SuiteSparse Collection Downloader

One of the resources I use to evaluate sparse-matrix vector multiplication (SpMV) performance at Sandia National Labs is the SuiteSparse Collection. The performance of SpMV depends on the spare matrix structure, and the SuiteSparse Collection offers a wide population of matrices to test with. It is not generally the case that a new SpMV implementation will be an improvement across all matrices. While it would be better were this so, it is also the case that particular applications feature particular matrix structures, and therefore are satisfied with an SpMV appropriate to those specific structures.

The matrices in the SuiteSparse Collection are tagged with a lot of metadata: information about their size, what problem they come from, the non-zero datatype, and so forth. This provides many dimensions to divide the collection along while evaluating performance, or may ways in which a particular subset of the collection can be created.

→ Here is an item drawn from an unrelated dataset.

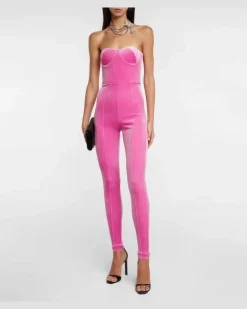 Jumpsuit aus Samt Rosa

suitesparse-downloader is a python tool I created to help manage different subsets of the SuiteSparse Collection. It is built around ssgetpy, a python interface to the metadata attached to the SuiteSparse Collection matrices. ssgetpy works by parsing https://sparse.tamu.edu/files/ssstats.csv and building a local database, which it queries. ssgetpy also provides some methods to download SuiteSparse Collection matrices.

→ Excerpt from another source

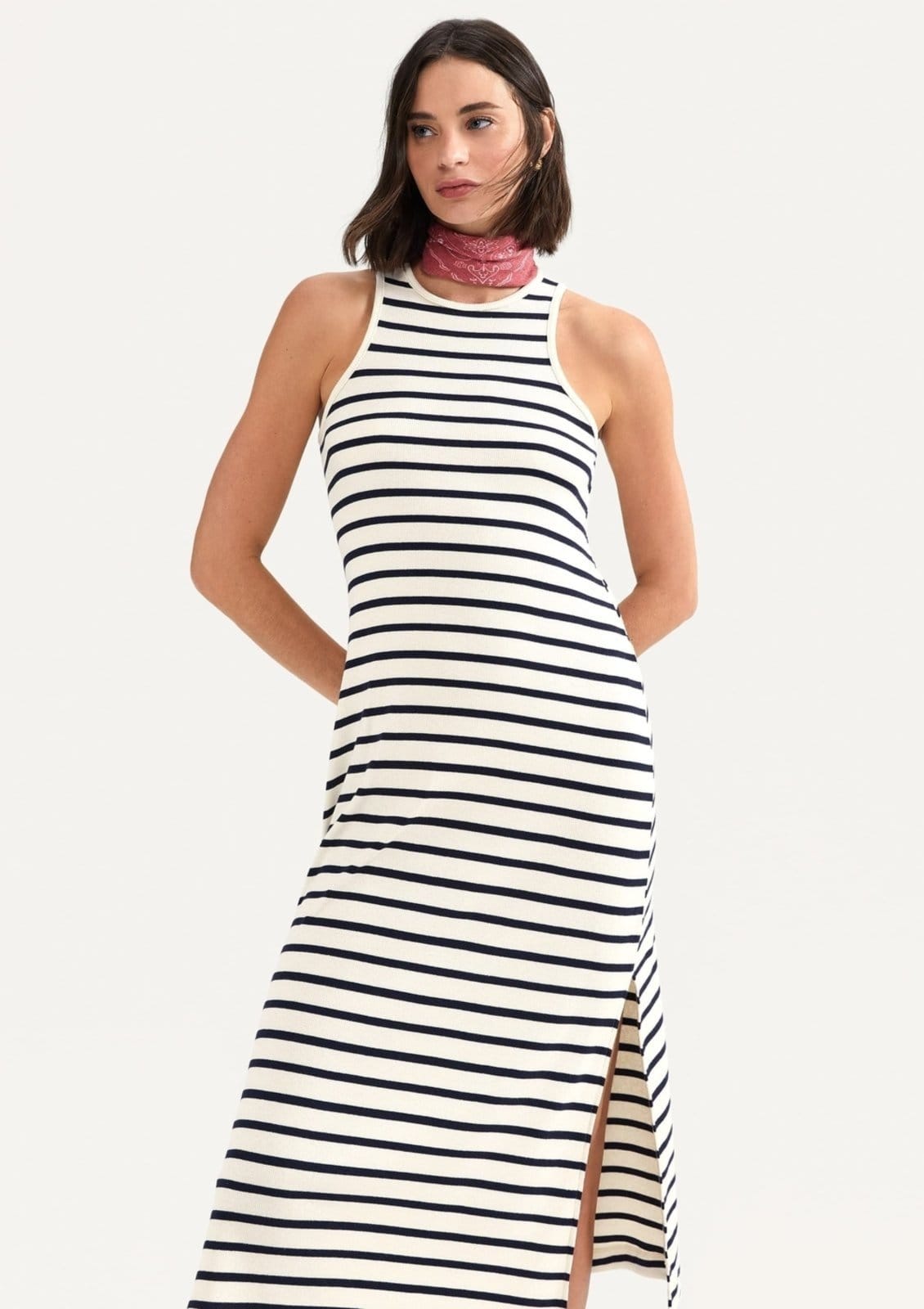 Vista 2 Vestido Midi Listrado Com Fenda Hering nude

suitesparse-downloader defines several subsets of the suitesparse collection. These subsets represent various filters applied to the entire suitesparse collection. suitesparse-downloader puts each of these subsets in its own directory. To prevent duplicating the download of any matrix common to two subsets, only one canonical copy of any given matrix is downloaded. In the subset directories, the matrix files are relative symlinks to the canonical copy.

This figure shows an example of two subsets, dataset1 and dataset2. Each consists of two matrices, but mat1.mtx is only downloaded once, and both datasets use a relative symlink to the same file. The use of relative symlinks means the directories can be copied to another system and the symlinks are maintained as long as the relative positions of the suitesparse and dataset directories is maintained.